----- Listed entries

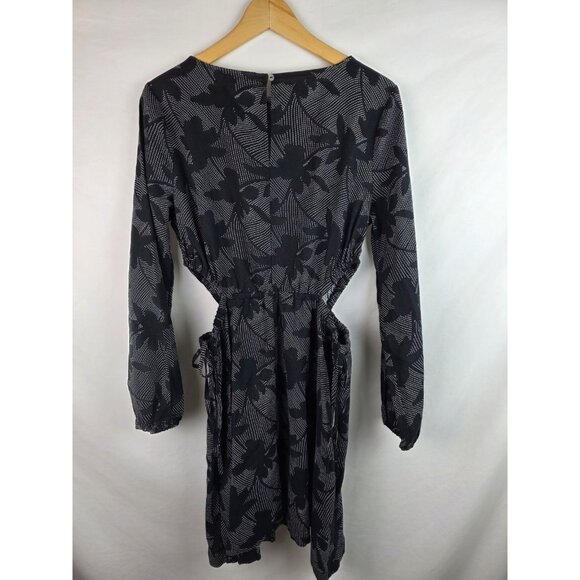 Universal Threads Women's Dress Size Medium Black Floral Linen Long Sleeve Dress - Picture 12 of 14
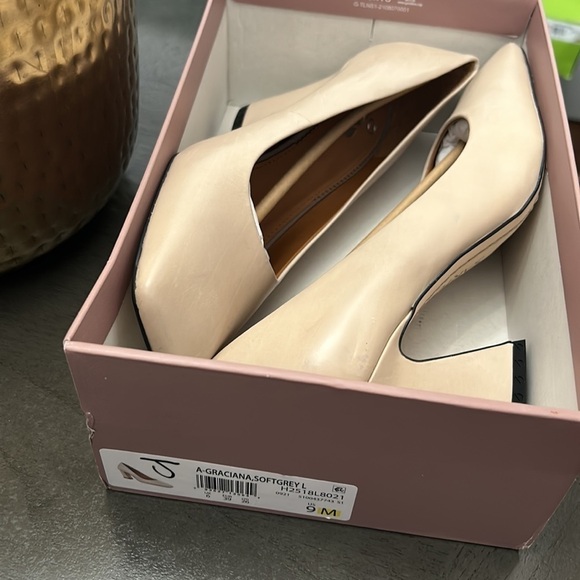 Sarto Franco Sarto Graciana Womens Leather Slip On Pumps - Picture 2 of 10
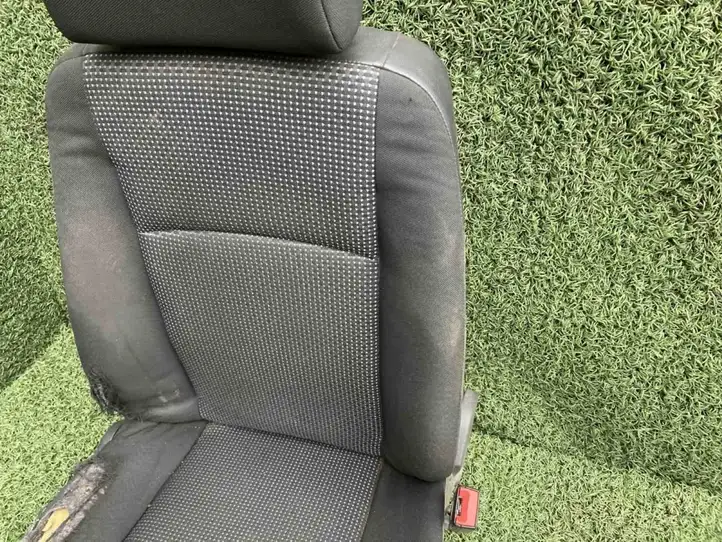 Mercedes-Benz Sprinter W906 (2006 - 2018) 9068600369 Переднее сиденье пассажира — фото 6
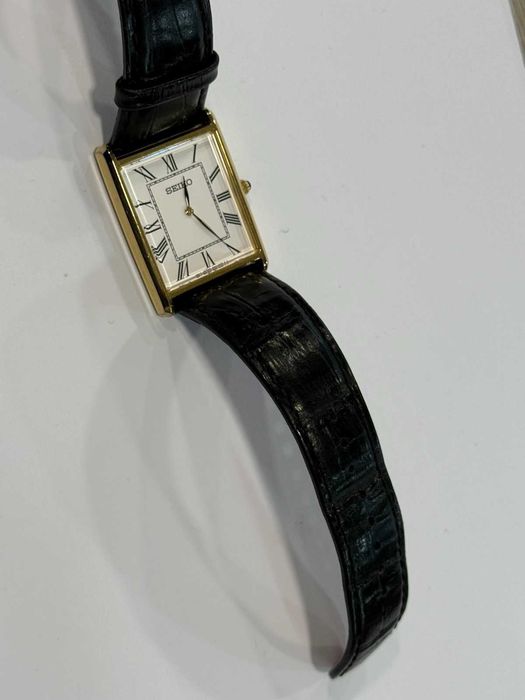 Елегантен часовник Seiko Tank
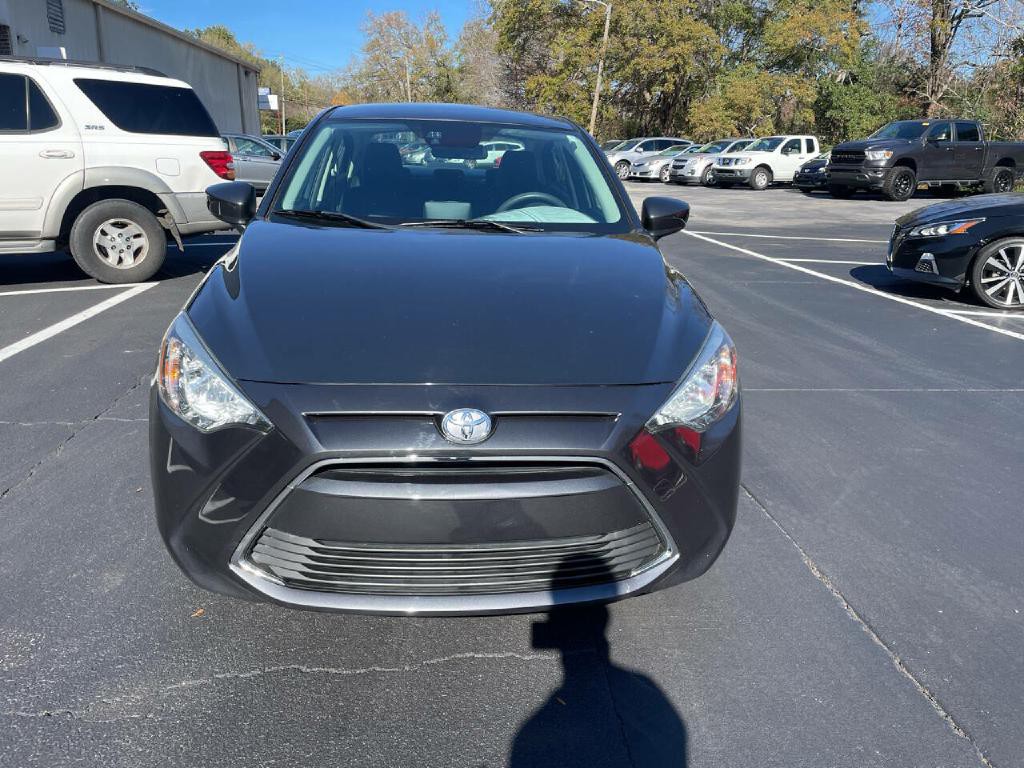 2017 Toyota Yaris Image 3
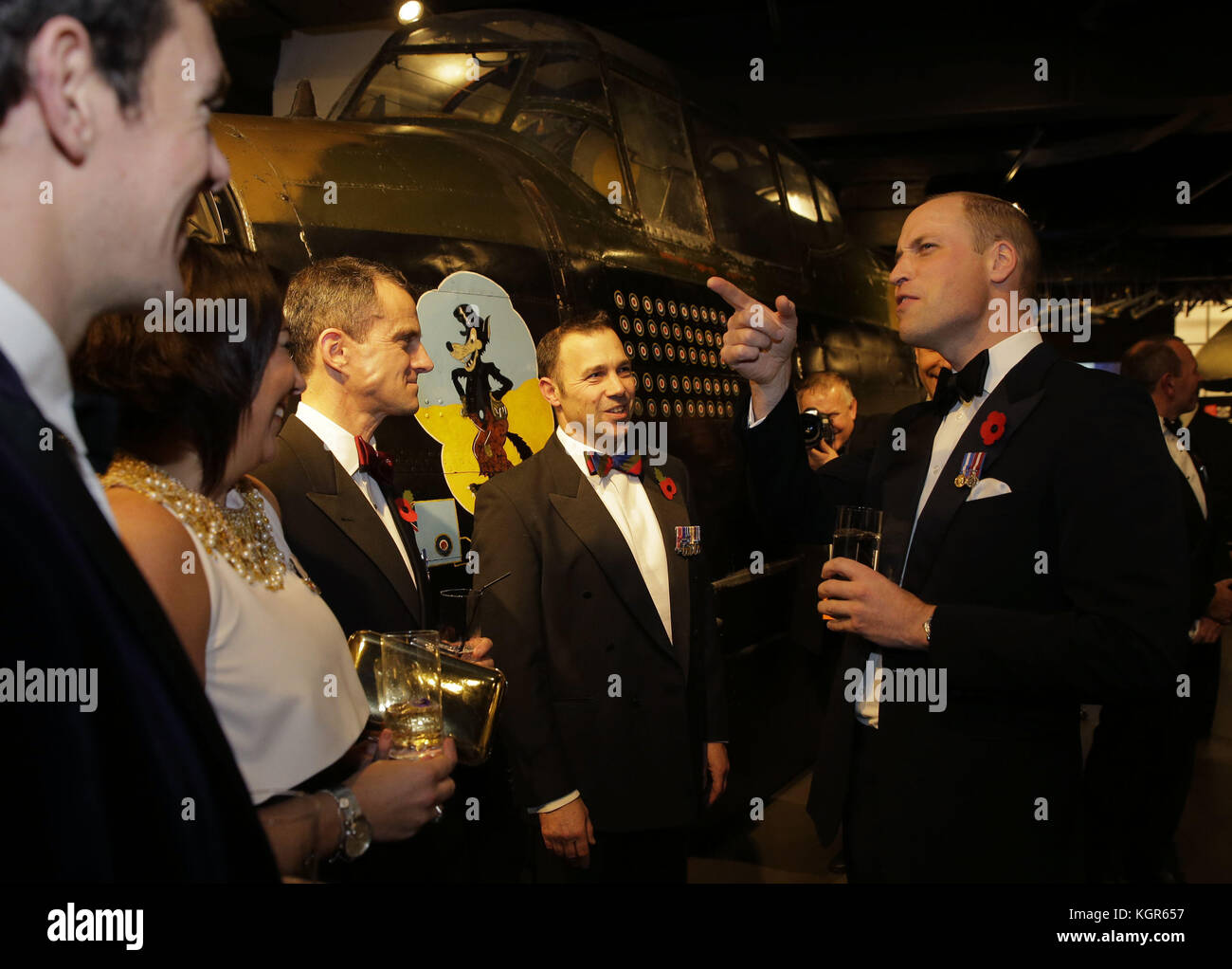 Le duc de Cambridge (à droite) au troisième dîner annuel du City Veterans' Network&Otilde, au Centre national de réadaptation de la Défense, à l'Imperial War Museum de Londres. Banque D'Images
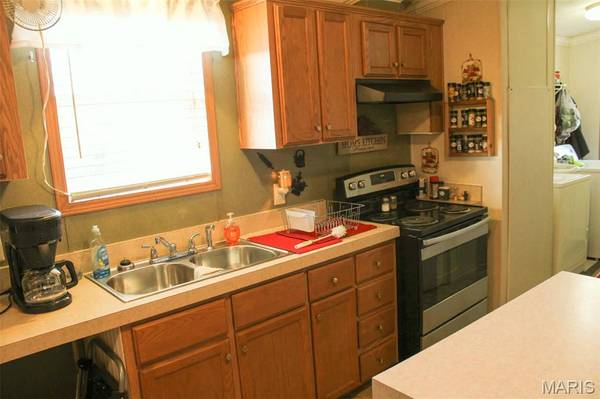 404 Garden ST, Cahokia, IL 62206
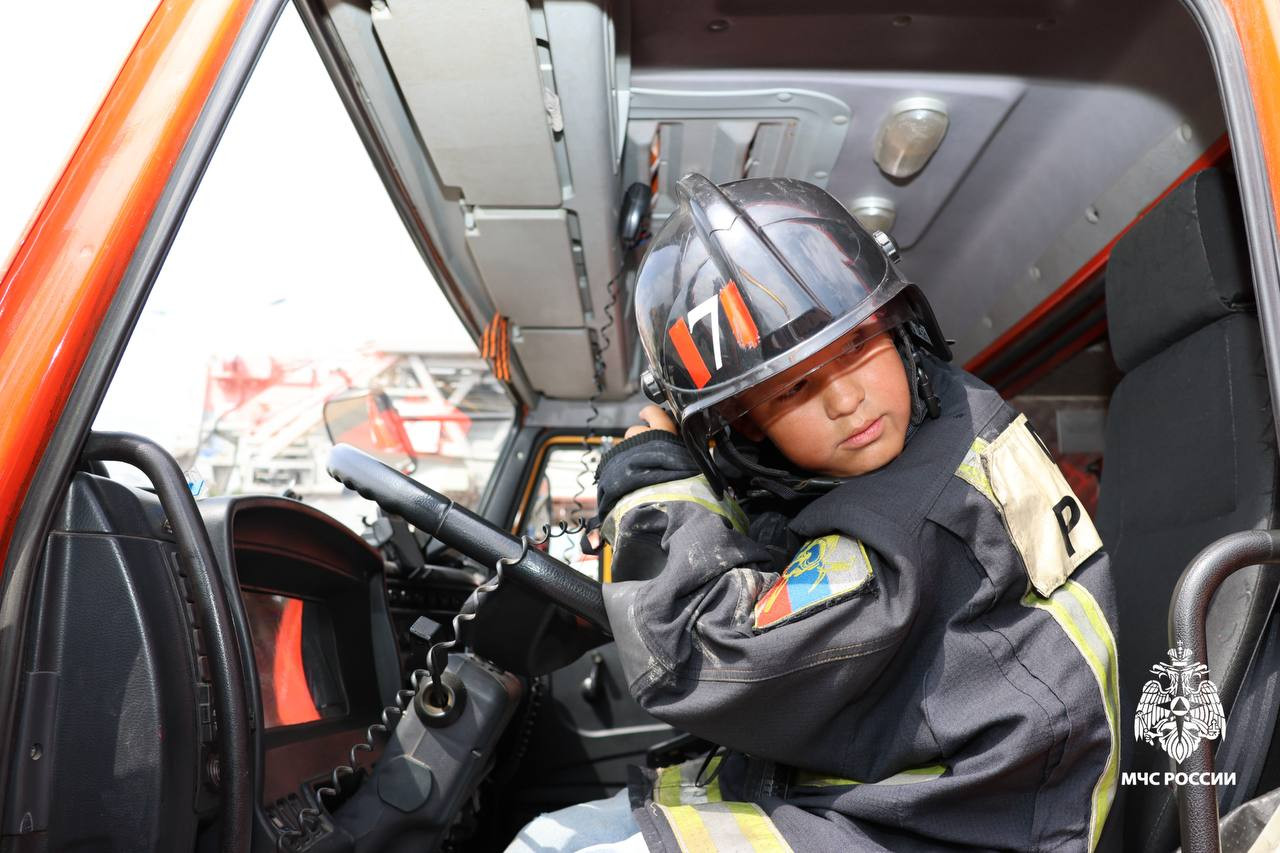 В Ставрополе отблагодарили мальчика, который принес пожарным воды во время возгорания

----------

Each record above goes into the copy word for word; the pictures do not.

 Universal Threads Women's Dress Size Medium Black Floral Linen Long Sleeve Dress - Picture 12 of 14
 Sarto Franco Sarto Graciana Womens Leather Slip On Pumps - Picture 2 of 10
 Mercedes-Benz Sprinter W906 (2006 - 2018) 9068600369 Переднее сиденье пассажира — фото 6
 Елегантен часовник Seiko Tank
 2017 Toyota Yaris Image 3
 Le duc de Cambridge (à droite) au troisième dîner annuel du City Veterans' Network&Otilde, au Centre national de réadaptation de la Défense, à l'Imperial War Museum de Londres. Banque D'Images
 404 Garden ST, Cahokia, IL 62206
 В Ставрополе отблагодарили мальчика, который принес пожарным воды во время возгорания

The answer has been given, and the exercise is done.